● **DESCRIPTION OF THE TASK**: What is wanted is every line below from the one with "2006 Harley-Davidson Sportster for Sale" up to and including the one with "Terreno com 750 m² · Águeda — image 3", retyped exactly, pictures excluded, nothing else.

● **LISTED ENTRIES**:

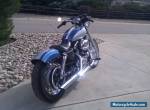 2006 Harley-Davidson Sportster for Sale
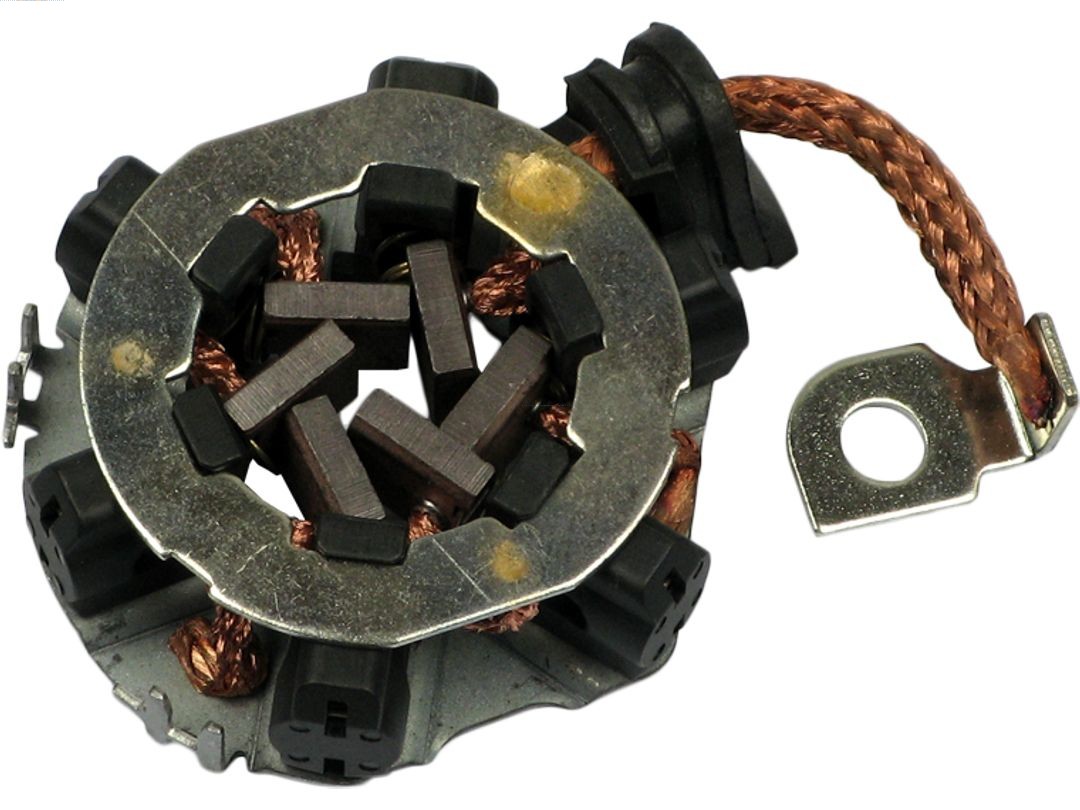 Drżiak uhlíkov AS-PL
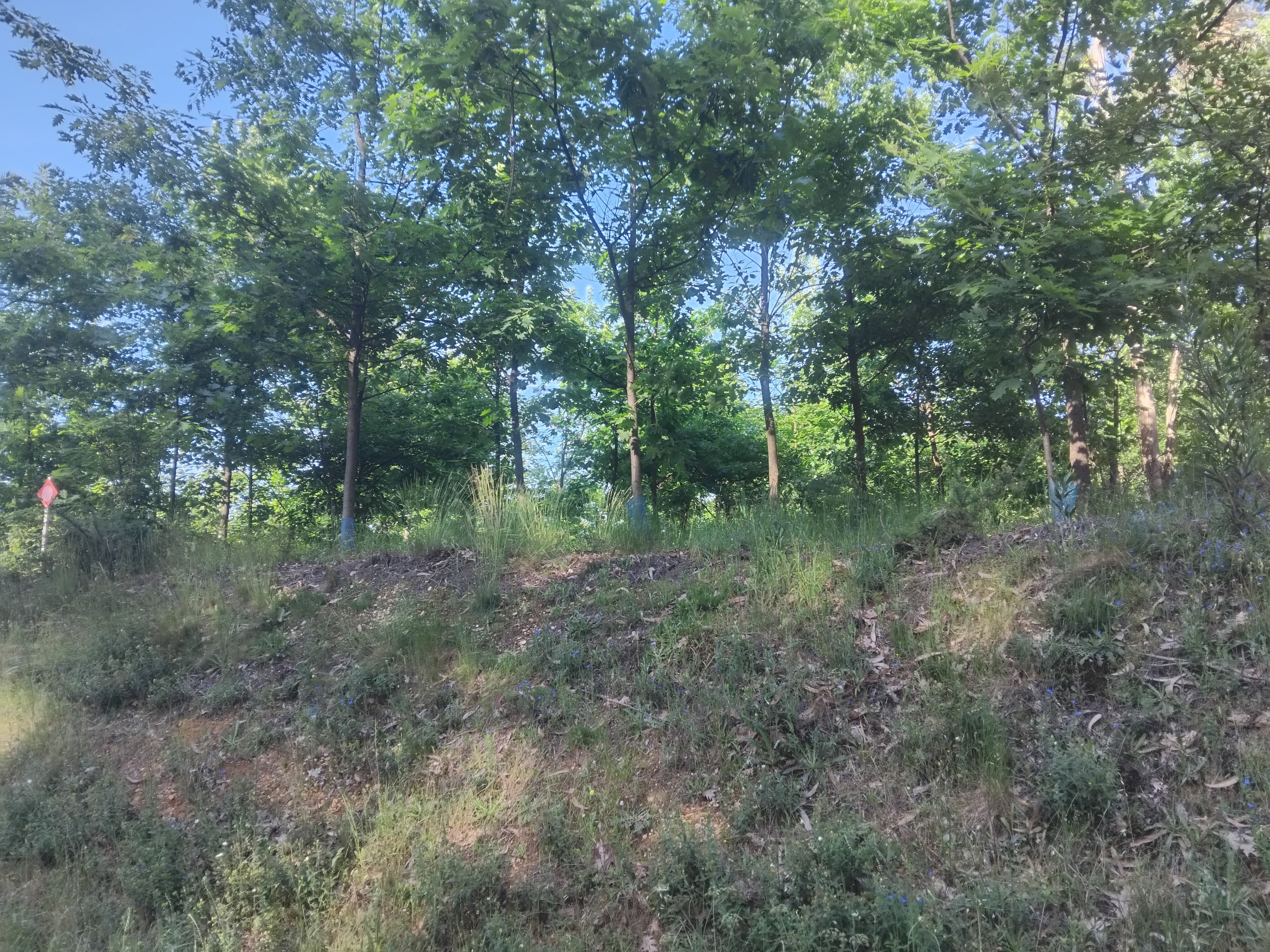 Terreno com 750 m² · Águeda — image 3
* * *
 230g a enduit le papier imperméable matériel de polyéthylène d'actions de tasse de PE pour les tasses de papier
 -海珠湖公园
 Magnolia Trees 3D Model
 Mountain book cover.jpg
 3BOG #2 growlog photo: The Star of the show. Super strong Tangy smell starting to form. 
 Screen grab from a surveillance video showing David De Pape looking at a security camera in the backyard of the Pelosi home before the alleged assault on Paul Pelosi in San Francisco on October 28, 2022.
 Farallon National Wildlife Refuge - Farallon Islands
...
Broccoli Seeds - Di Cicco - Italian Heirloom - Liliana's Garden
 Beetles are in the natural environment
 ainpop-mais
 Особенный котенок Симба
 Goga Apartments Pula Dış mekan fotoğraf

● **ANSWER TO THIS EXERCISE**:
 2006 Harley-Davidson Sportster for Sale
 Drżiak uhlíkov AS-PL
 Terreno com 750 m² · Águeda — image 3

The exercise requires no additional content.